On one wall of my office are pictures of "helpful people" -  according to Feng Shui they should be on this wall and no other. I have five of them, starting chronologically with Friedrich Nietzsche with a heavy moustache, his cheek on his hand, his piercing eyes averted. I have seen thos eyes before - I don't want them following me around the room. Then there's Emily Bronte, in her only known portrait, looking whistful and intense both. Below Emily on the wall is D.H.Lawrence, leaning against an adobe wall in Santa Fe, on one of the stops on his global search for the ideal place to live. To get to Steinbeck, you have to cross over a poster of Braveheart, because it is signed and it was given to me, and I am proud to have it, Laddie. If you don't stop with William Wallace in full war regalia, you'll find John Steinbeck leaning back against a tree with his travel dog Charlie. I would like to invite that five to dinner and call it a short story. I would seat Emily next to Friedrich, because she needed him so badly. Even though he was only three when she published "Wuthering Heights," he must have been a very sombre and intense little boy. By the time he needed her, she was already dead, so I could give them this moment in fictional history to meet and love, and leave together. Lawrence would interrupt them, of course. He'd be trying to plummet the mind of this man he already knew was a genius back in his youth in Nottinghamshire. If I were at the head of the table, I would be trying to overhear that conversation. I would have my question, too: But Friedrich, why did you live like a monk when you knew the only way to sanctity was the path of Dionysus? I'd have Steinbeck on my right, and I would like learn fom him the craft of the smooth sentence, the enthralling paragraph, the scalp-raising metaphor. I don't know where I'd put William Wallace. He would probably already be playing footsy with Emily under the table. They would have saved her, any one of those men, because all she needed was a good Fanfaronade, and we would have had a shelf load of books like "Wuthering Heights." Or maybe not. It's the paradox of the pain again; it's the subject Peter Shaffer grappled with in "Equus."
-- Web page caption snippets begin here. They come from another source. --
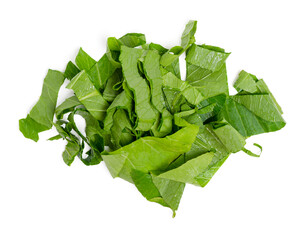 Top view Bok choy (chinese cabbage) on white background.
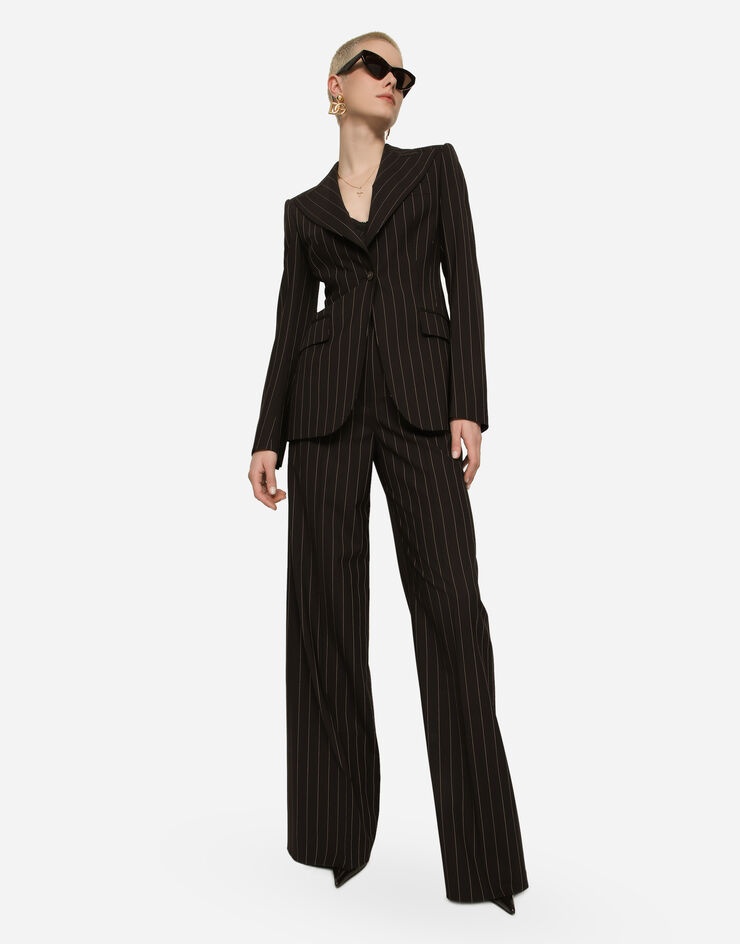 Single-breasted pinstripe wool Turlington jacket - 5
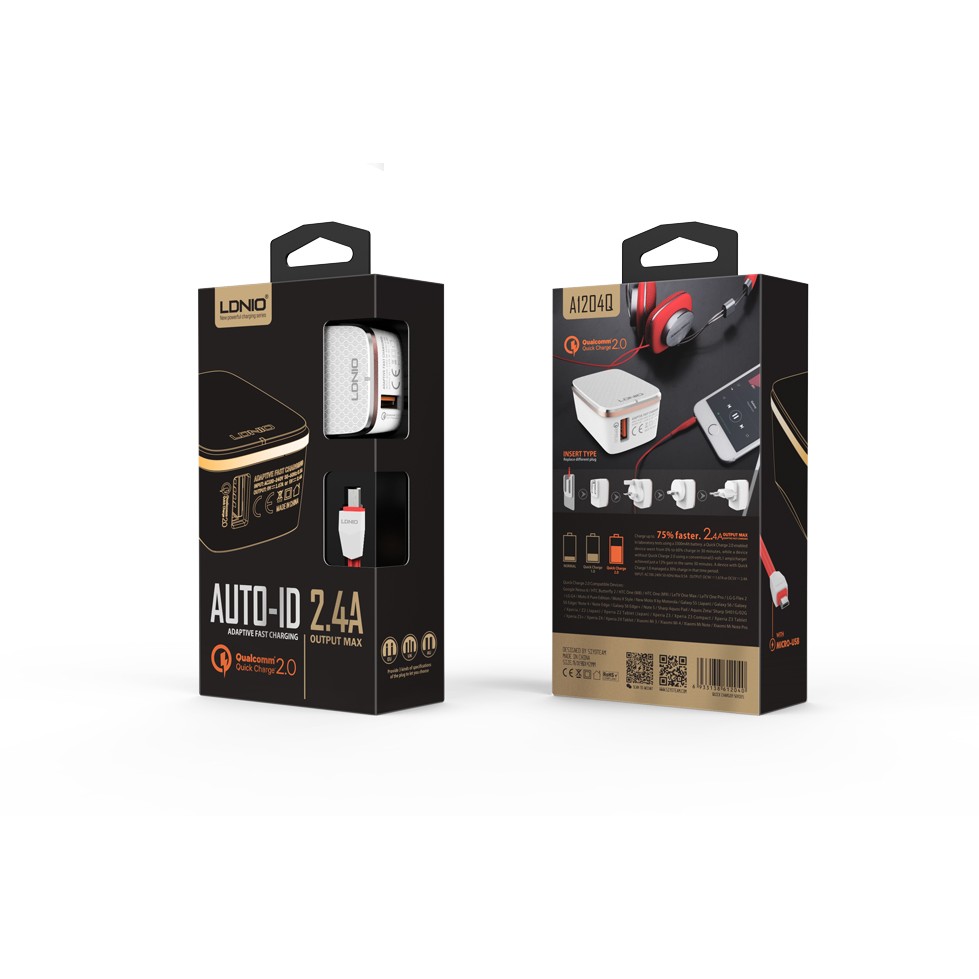 Cốc sạc điện thoại Quick Charge QC 2.0 cao cấp Android iPhone có IC ổn dòng bảo vệ thiết bị LDNIO A1204Q Trắng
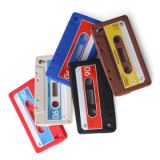 Etui en Silicone Style Cassette pour iPhone 4 - Bleu, noir
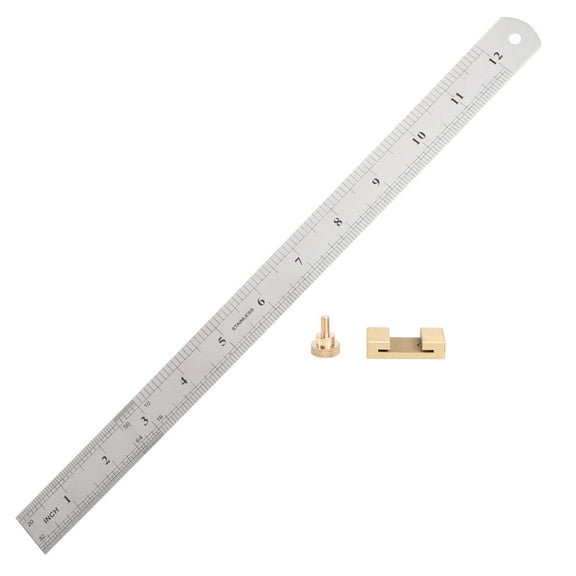 OUNONA 2pcs Brass Positioning Block Woodworking Line Locator Stop Block DIY Measuring Tool with Steel Ruler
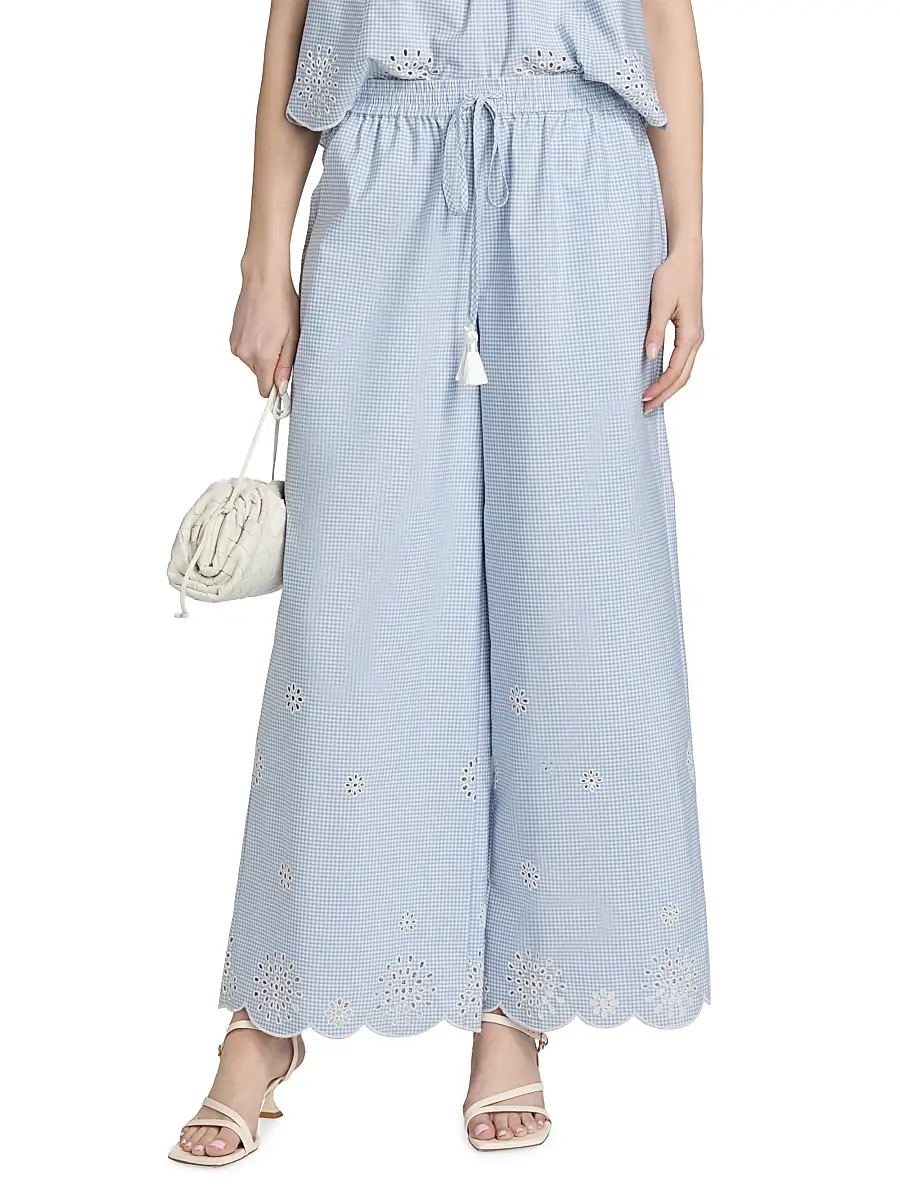 Cinq à Sept Women's Alba Eyelet Embroidered Gingham Cotton-Blend Pants | Thumbnail 3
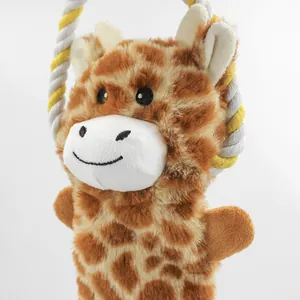 Cute giraffe plush dog toy with durable yellow and white twisted cotton rope for chew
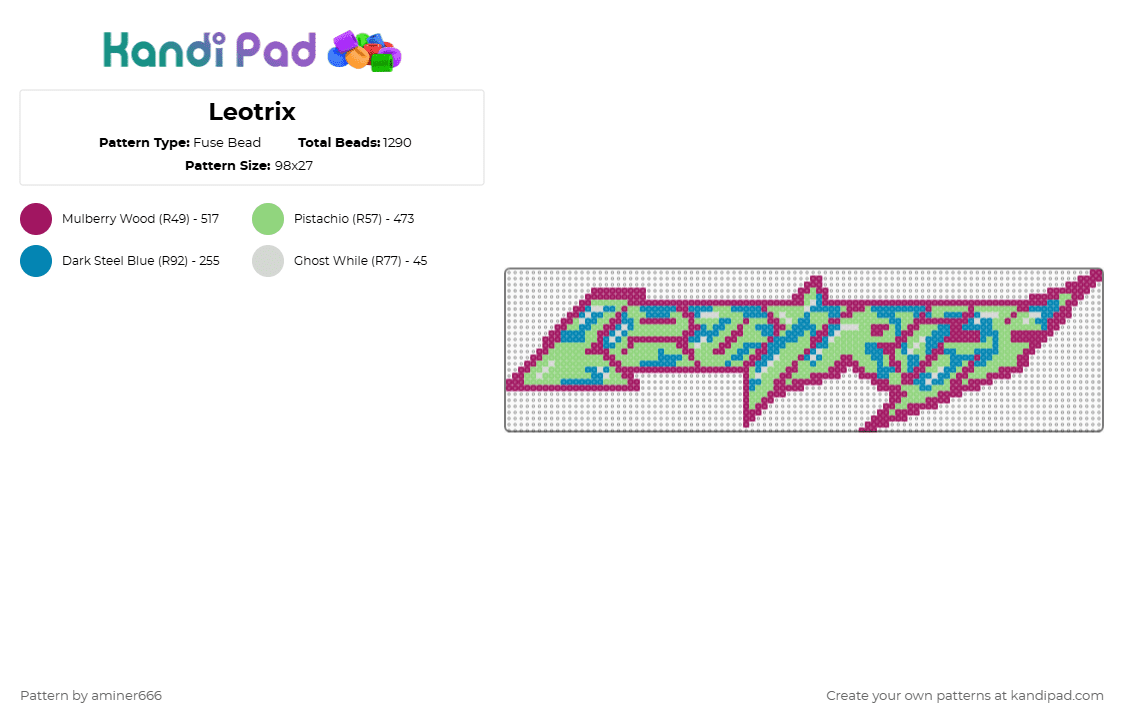 Leotrix - Fuse Bead Pattern by aminer666 on Kandi Pad - green, pink
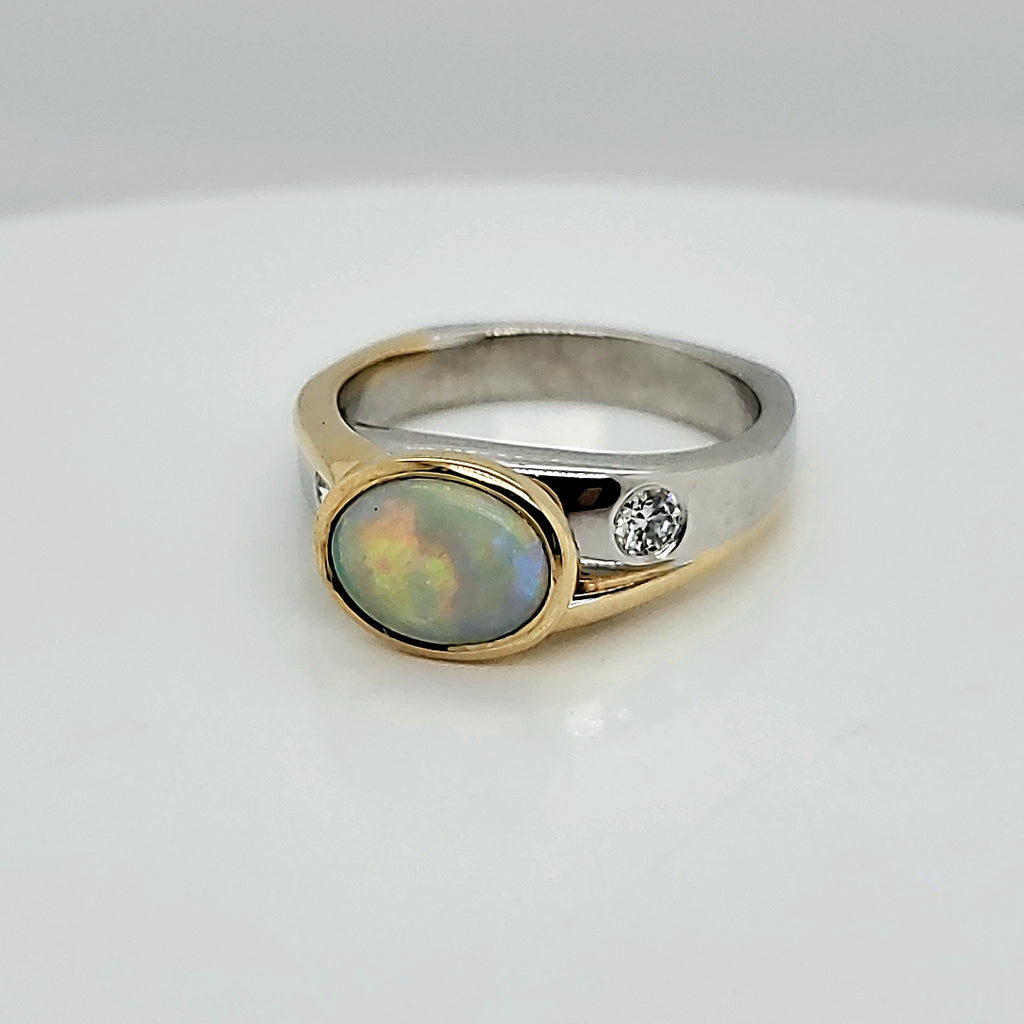 Platinum and 18kt Yellow Gold Opal and Diamond Ring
I'm not a very good host of dinners. I have very little small talk myself. But I would go all out for these guests, try to steal a moment of levity for them. Emily would lay her consumption aside and revel in a death-by-chocolate dessert which she would lick off Friedrich's spoon. Friedrich would put his cataclysmic visions down by the foot of his chair and enage in a little flirtary. William could, just for this moment, step out of his role of defender of Scotland and sing a ballad by Robert Burns, whom I should also have invited, but there would have been no hope for Emily or for me. So, Burns had to stay downstairs with the maids, where he would be rejoicing with joy unspeakable. Steinbeck and I would take after-dinner port in the other room, talking until dawn about books and the role of the writer. I can't help being an egg-head. It comes naturally to me.